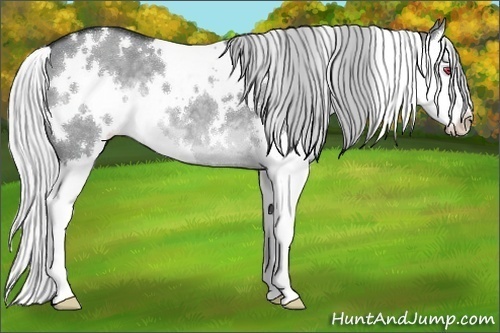Horse Color:White Spotted Silver Grullo Chinchilla Splash 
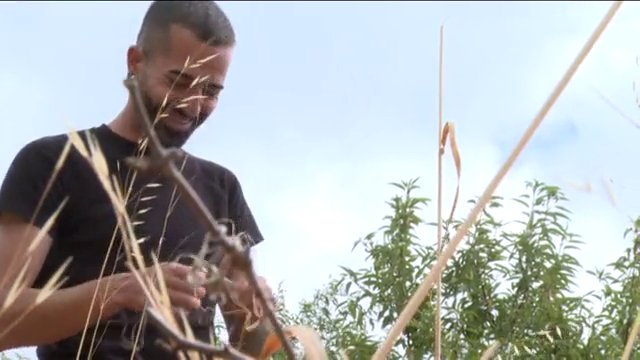 Sergio Cabrera, el pastor más joven de El Hierro: «Decidí apostar todo por esta labor»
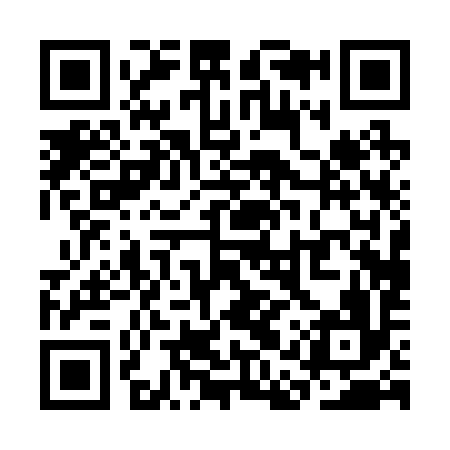 QR code for SAP296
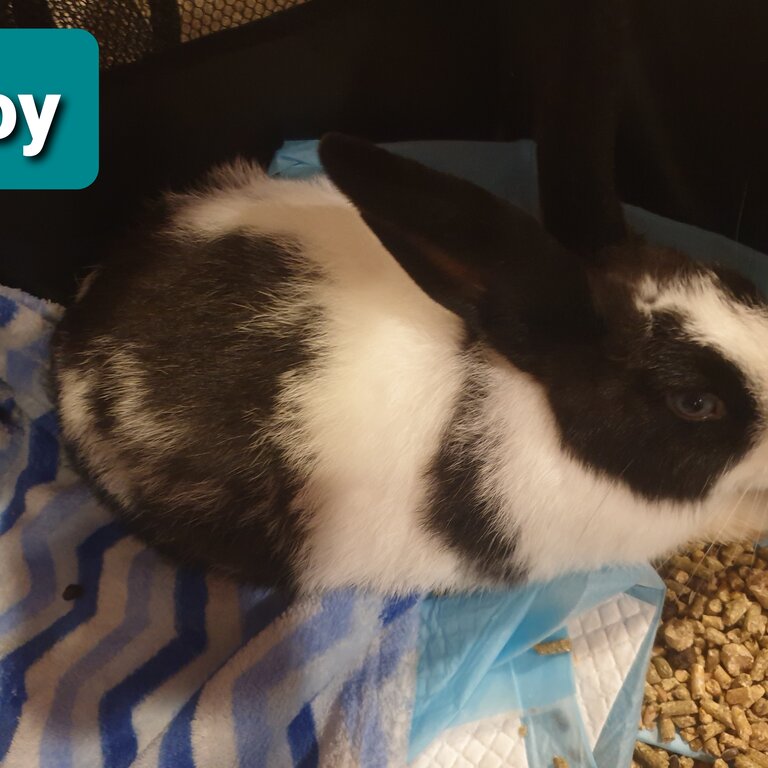 Giant PureBreed Baby Rabbits 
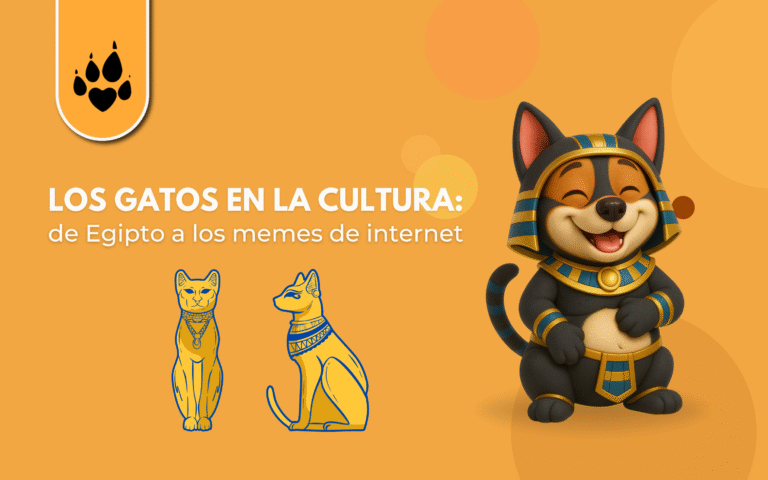 🐾🐱 Los gatos en la cultura: de Egipto a los memes de internet 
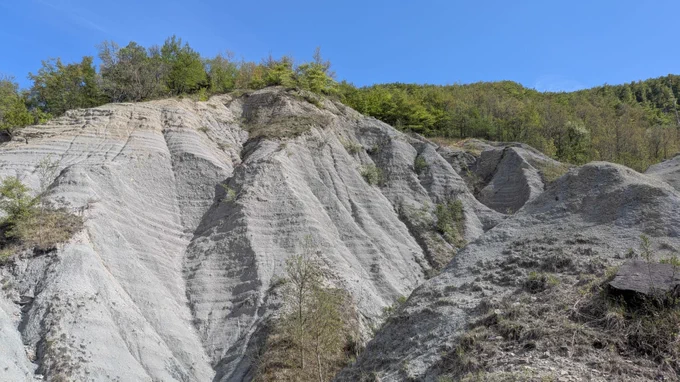 Monte Barigazzo (Appennino Tosco Emiliano)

## What the task requires
The answer must consist solely of the lines from the one with "QR code for SAP296" through the final line of the data, each reproduced exactly and with pictures omitted.

## Written answer
 QR code for SAP296
 Giant PureBreed Baby Rabbits 
 🐾🐱 Los gatos en la cultura: de Egipto a los memes de internet 
 Monte Barigazzo (Appennino Tosco Emiliano)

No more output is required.